In which I can't believe (nor take back the fact) that this was the first news story I chose to read today.

Sunday, August 03, 2008

My Night Getting Drunk With El Paso County Sheriff's Deputy Recruits (Or A Community Service Opportunity I Never Knew Existed)

So around noon time on Saturday Wilson came home and told me he needed to go to the Law Enforcement Annex to get drunk.

Verbally, I was like - "Cool."

Mentally, I was like - "WTF?"

My mental state soon caught up with my verbal state - "What the fuck?!"

So it turns out, when police academy cadets get to the portion of their course that involves sobriety tests, the El Paso County Sheriff's department prefers their cadets to experience the real thing (without the driving part).
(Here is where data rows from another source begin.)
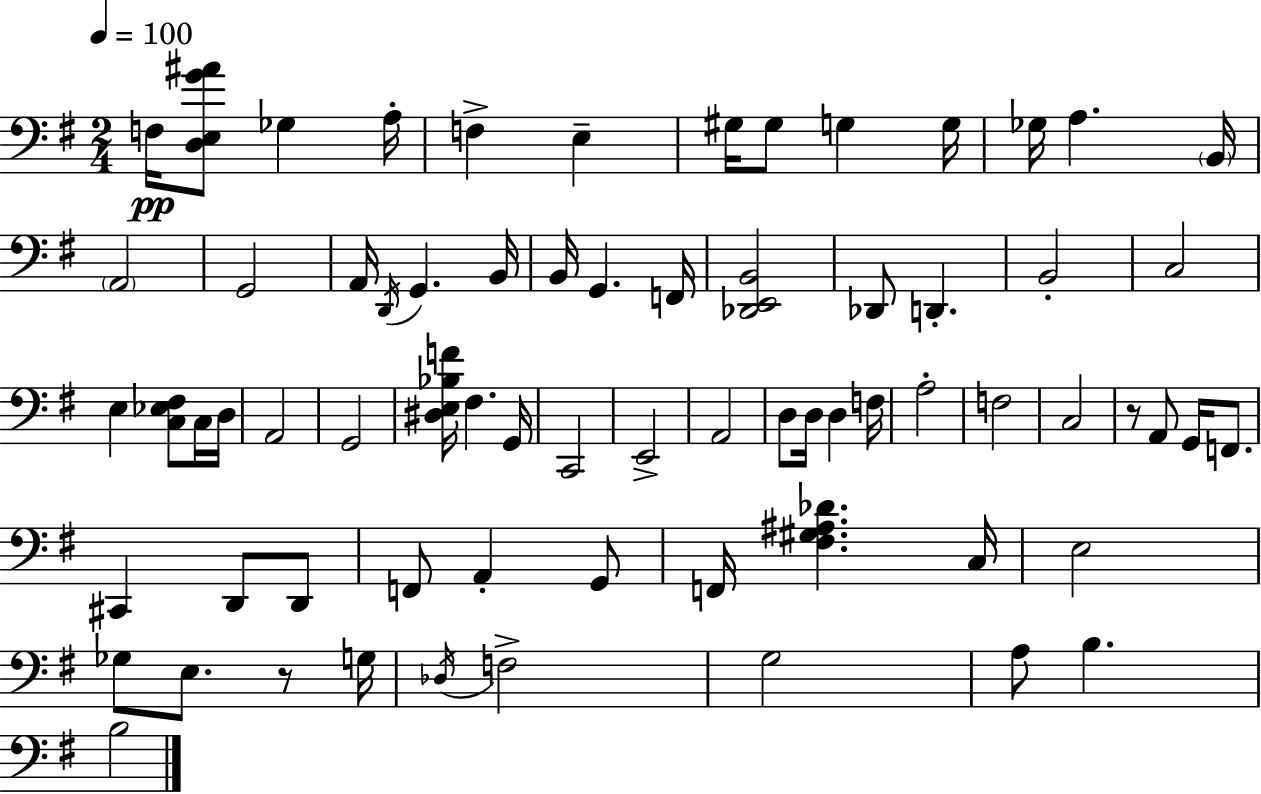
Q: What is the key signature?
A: G major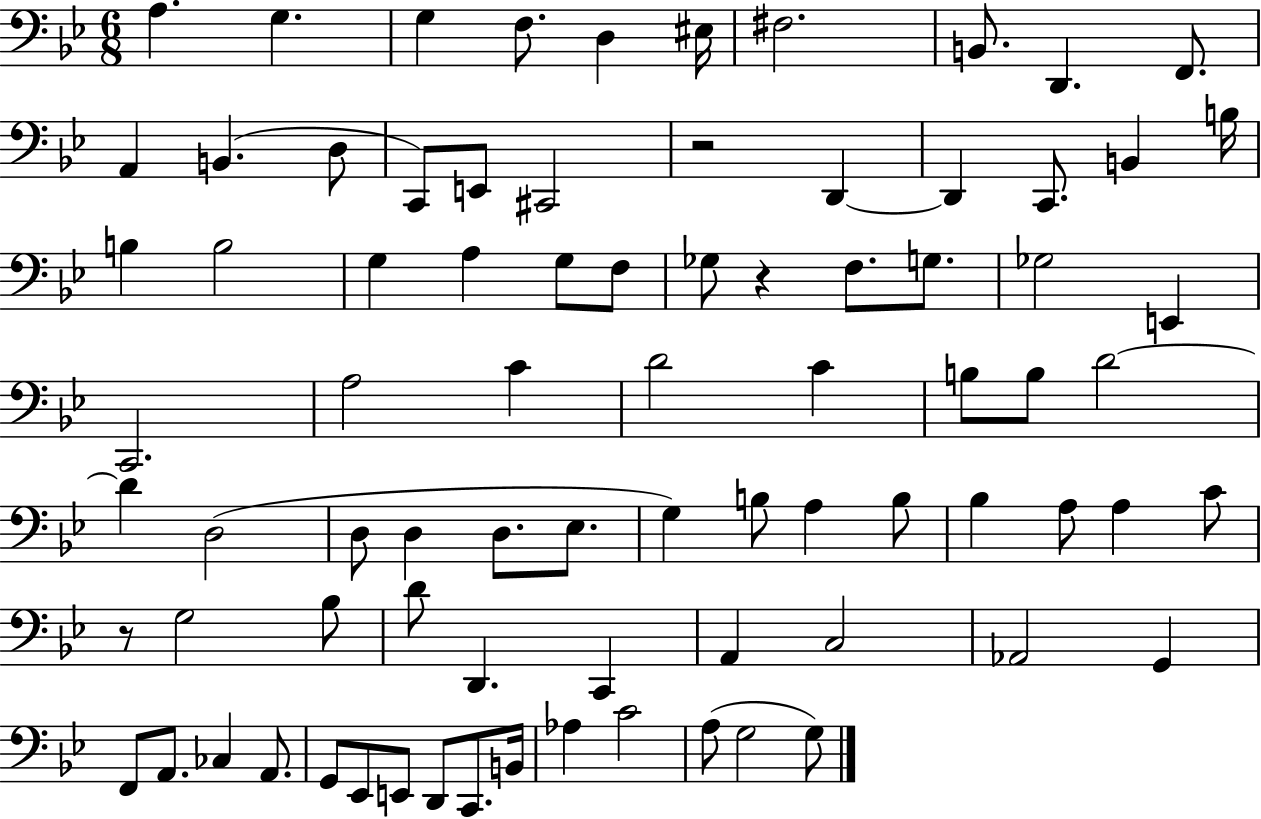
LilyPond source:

{
  \clef bass
  \numericTimeSignature
  \time 6/8
  \key bes \major
  a4. g4. | g4 f8. d4 eis16 | fis2. | b,8. d,4. f,8. | \break a,4 b,4.( d8 | c,8) e,8 cis,2 | r2 d,4~~ | d,4 c,8. b,4 b16 | \break b4 b2 | g4 a4 g8 f8 | ges8 r4 f8. g8. | ges2 e,4 | \break c,2. | a2 c'4 | d'2 c'4 | b8 b8 d'2~~ | \break d'4 d2( | d8 d4 d8. ees8. | g4) b8 a4 b8 | bes4 a8 a4 c'8 | \break r8 g2 bes8 | d'8 d,4. c,4 | a,4 c2 | aes,2 g,4 | \break f,8 a,8. ces4 a,8. | g,8 ees,8 e,8 d,8 c,8. b,16 | aes4 c'2 | a8( g2 g8) | \break \bar "|."
}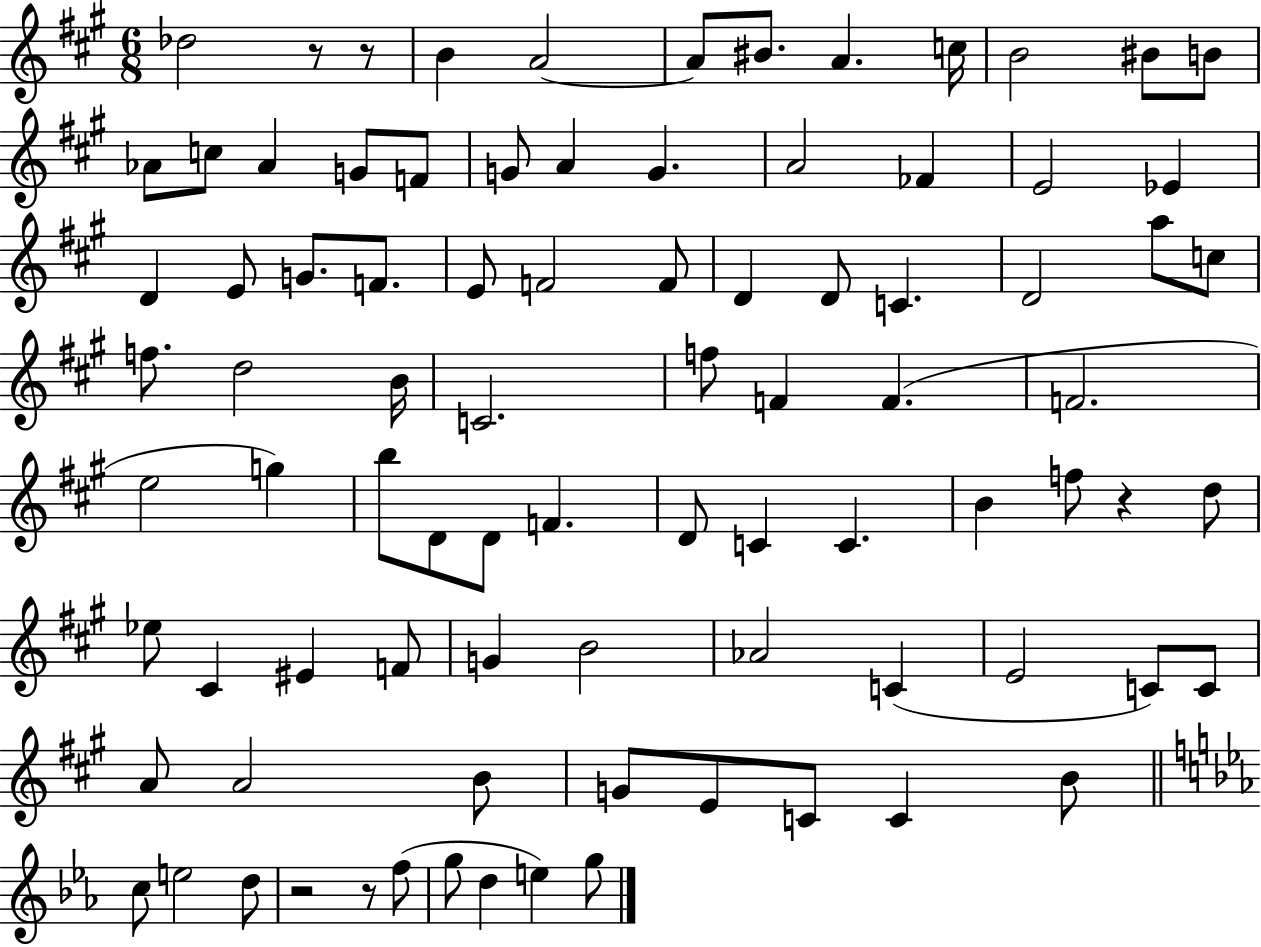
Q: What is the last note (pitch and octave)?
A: G5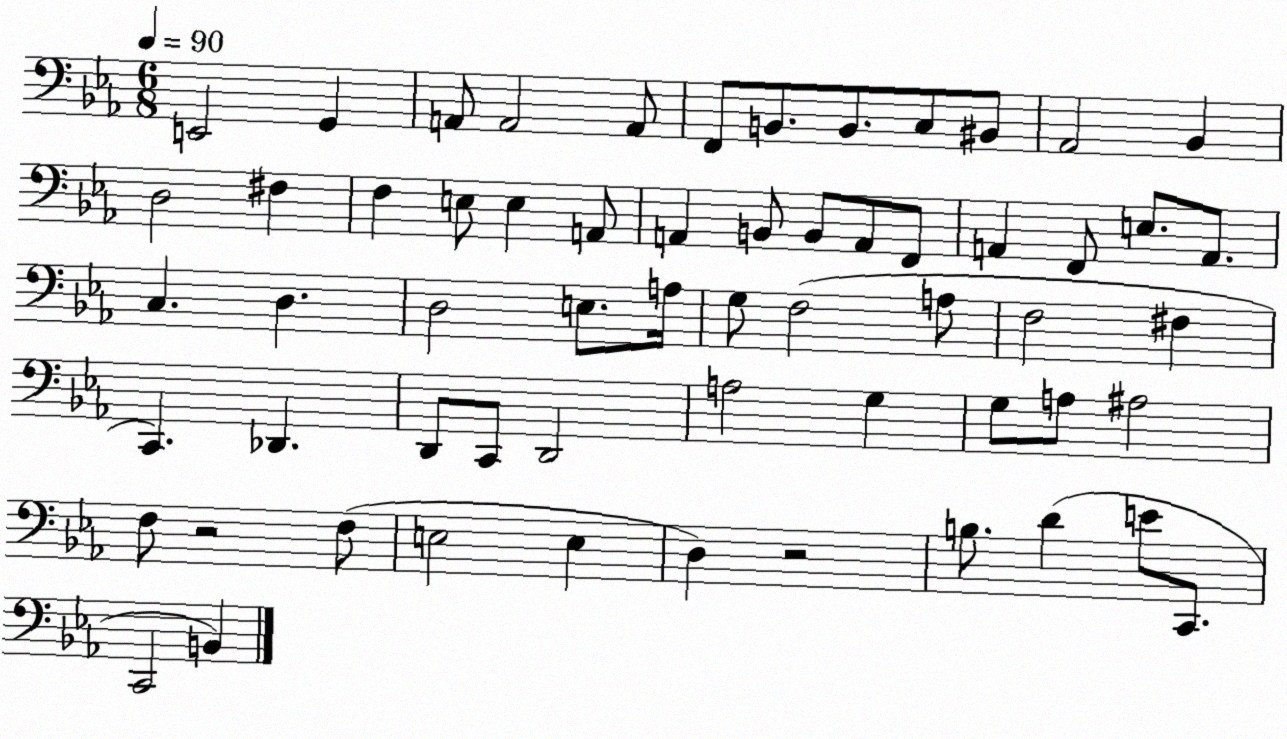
X:1
T:Untitled
M:6/8
L:1/4
K:Eb
E,,2 G,, A,,/2 A,,2 A,,/2 F,,/2 B,,/2 B,,/2 C,/2 ^B,,/2 _A,,2 _B,, D,2 ^F, F, E,/2 E, A,,/2 A,, B,,/2 B,,/2 A,,/2 F,,/2 A,, F,,/2 E,/2 A,,/2 C, D, D,2 E,/2 A,/4 G,/2 F,2 A,/2 F,2 ^F, C,, _D,, D,,/2 C,,/2 D,,2 A,2 G, G,/2 A,/2 ^A,2 F,/2 z2 F,/2 E,2 E, D, z2 B,/2 D E/2 C,,/2 C,,2 B,,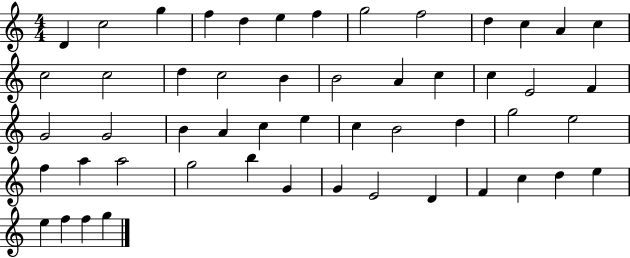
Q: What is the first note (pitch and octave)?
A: D4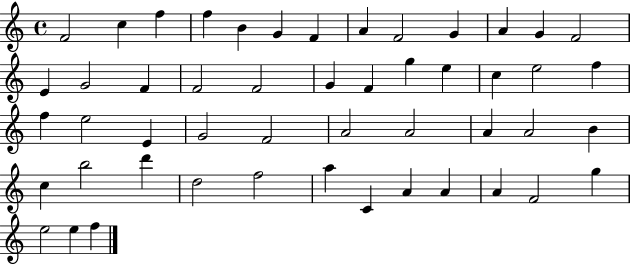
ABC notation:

X:1
T:Untitled
M:4/4
L:1/4
K:C
F2 c f f B G F A F2 G A G F2 E G2 F F2 F2 G F g e c e2 f f e2 E G2 F2 A2 A2 A A2 B c b2 d' d2 f2 a C A A A F2 g e2 e f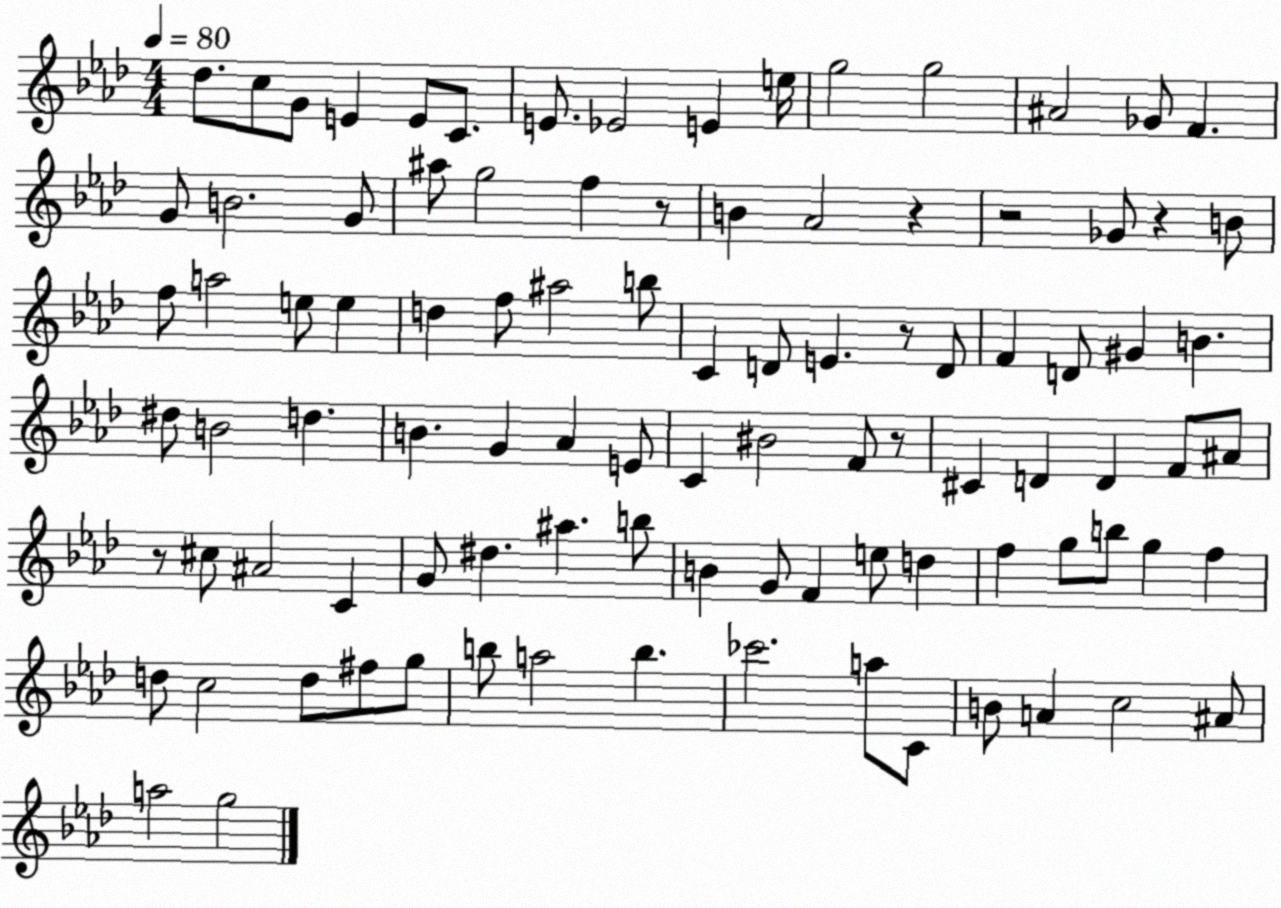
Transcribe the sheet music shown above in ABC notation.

X:1
T:Untitled
M:4/4
L:1/4
K:Ab
_d/2 c/2 G/2 E E/2 C/2 E/2 _E2 E e/4 g2 g2 ^A2 _G/2 F G/2 B2 G/2 ^a/2 g2 f z/2 B _A2 z z2 _G/2 z B/2 f/2 a2 e/2 e d f/2 ^a2 b/2 C D/2 E z/2 D/2 F D/2 ^G B ^d/2 B2 d B G _A E/2 C ^B2 F/2 z/2 ^C D D F/2 ^A/2 z/2 ^c/2 ^A2 C G/2 ^d ^a b/2 B G/2 F e/2 d f g/2 b/2 g f d/2 c2 d/2 ^f/2 g/2 b/2 a2 b _c'2 a/2 C/2 B/2 A c2 ^A/2 a2 g2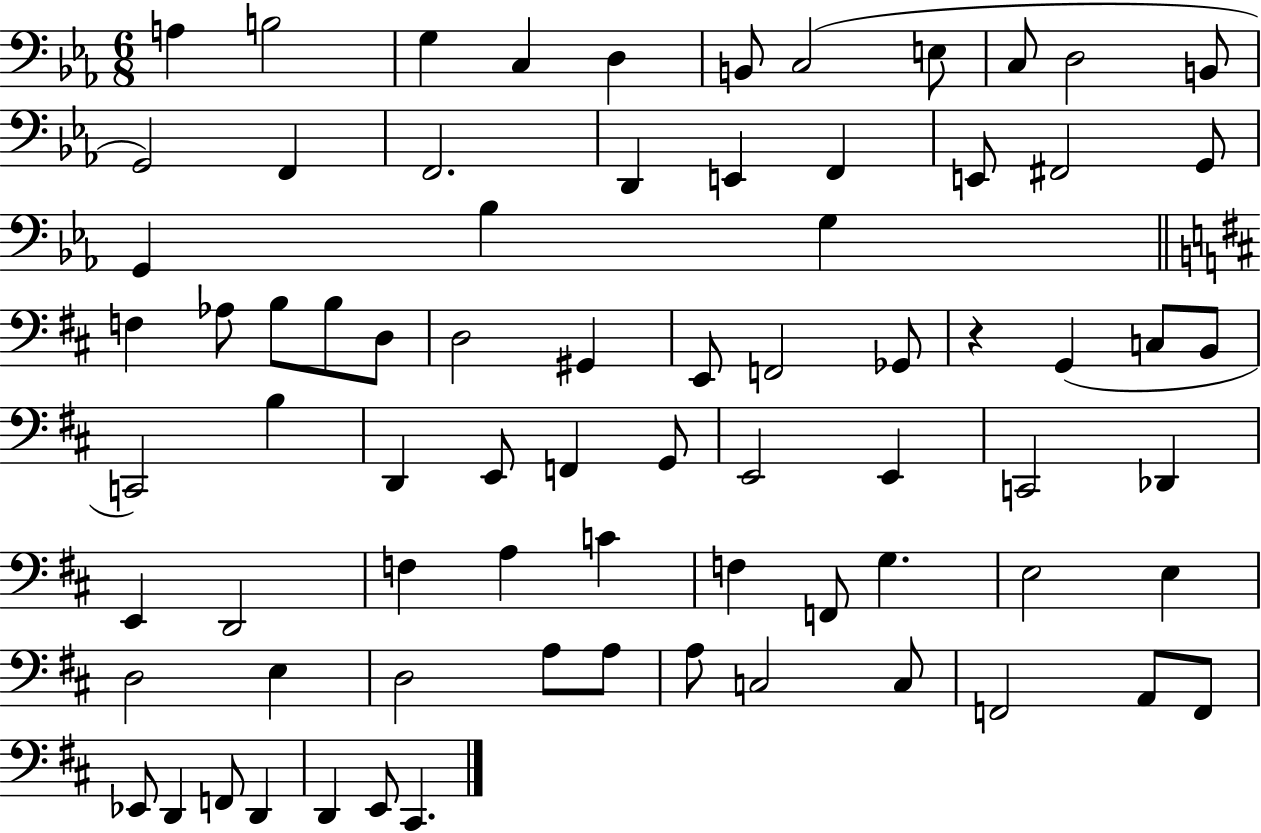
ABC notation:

X:1
T:Untitled
M:6/8
L:1/4
K:Eb
A, B,2 G, C, D, B,,/2 C,2 E,/2 C,/2 D,2 B,,/2 G,,2 F,, F,,2 D,, E,, F,, E,,/2 ^F,,2 G,,/2 G,, _B, G, F, _A,/2 B,/2 B,/2 D,/2 D,2 ^G,, E,,/2 F,,2 _G,,/2 z G,, C,/2 B,,/2 C,,2 B, D,, E,,/2 F,, G,,/2 E,,2 E,, C,,2 _D,, E,, D,,2 F, A, C F, F,,/2 G, E,2 E, D,2 E, D,2 A,/2 A,/2 A,/2 C,2 C,/2 F,,2 A,,/2 F,,/2 _E,,/2 D,, F,,/2 D,, D,, E,,/2 ^C,,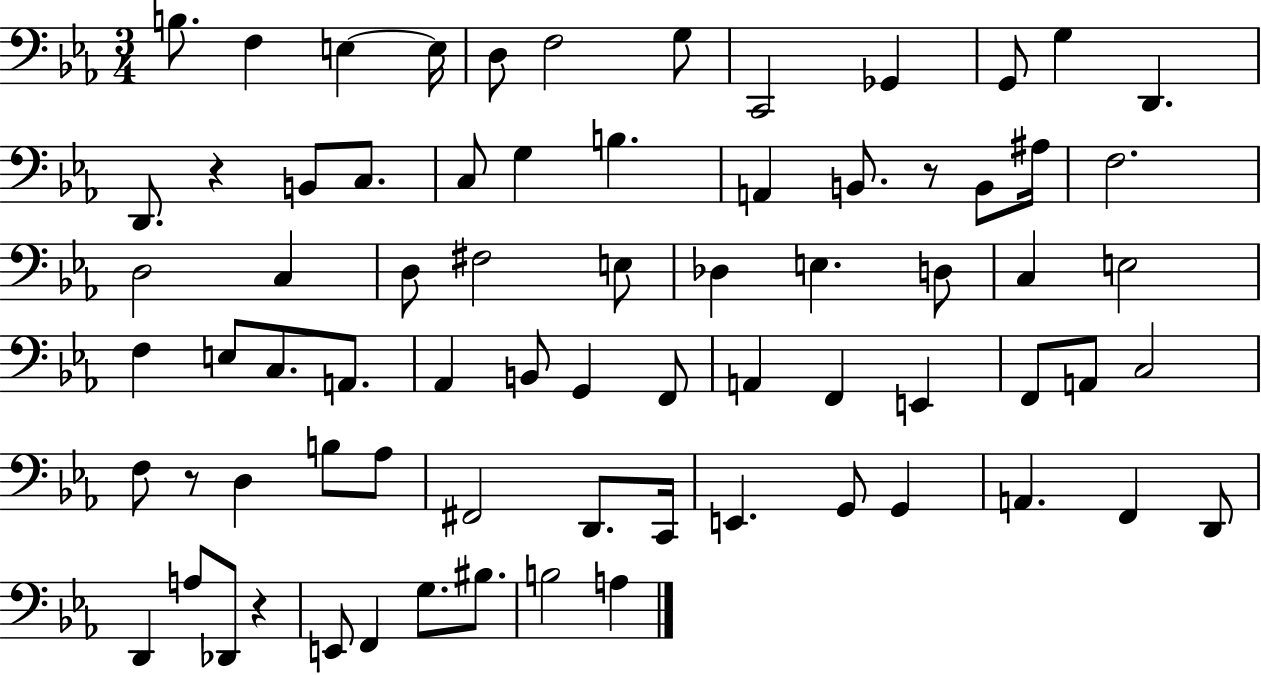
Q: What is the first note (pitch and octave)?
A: B3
The county looks for volunteers to hang out for 5 hours, drink, socialize, eat, watch movies, play cards and OH YEAH - GET DRUNK! Our group is comprised of myself, Wilson (who was the control subject/my designated driver so he didn't drink alcohol), three friends of the cadets and one mother of the cadets. Awesome. "Hey mom, will you come get drunk for me?"

Of course, it's a controlled environment - first you sign a waiver. "Yes, I know I will be consuming alcohol." "Yes, I know I will be performing various tasks while intoxicated." "No, I will not drive." "No, I will not hit on the cadets..." Well, I added that last one because well, it's me, for one, and it's alcohol, for two and Wilson is there, for three.

Second you get weighed. This is where I take the opportunity to fall off the scale. Yes, I put one foot on the scale too close to the edge, it tipped up, I stumbled off. I didn't end up on the floor, but it did result in me saying, "No officer, I have not had anything to drink tonight." Your weight will determine how much you will consume that night, so I'm either in big trouble or I'm going to have a boring night.

Part #3 then involves you blowing into a BAC machine. This is where I redeem myself! I can prove there is no alcohol in my system! Until I try and open my "party favor" (AKA a plastic mouth piece to blow in the machine) and it flies across the room!

No officer, I have not had anything to drink tonight. I blow a .000! Redemption!! Except now everyone is just looking at me like I'm a biiiiiig Re-Re.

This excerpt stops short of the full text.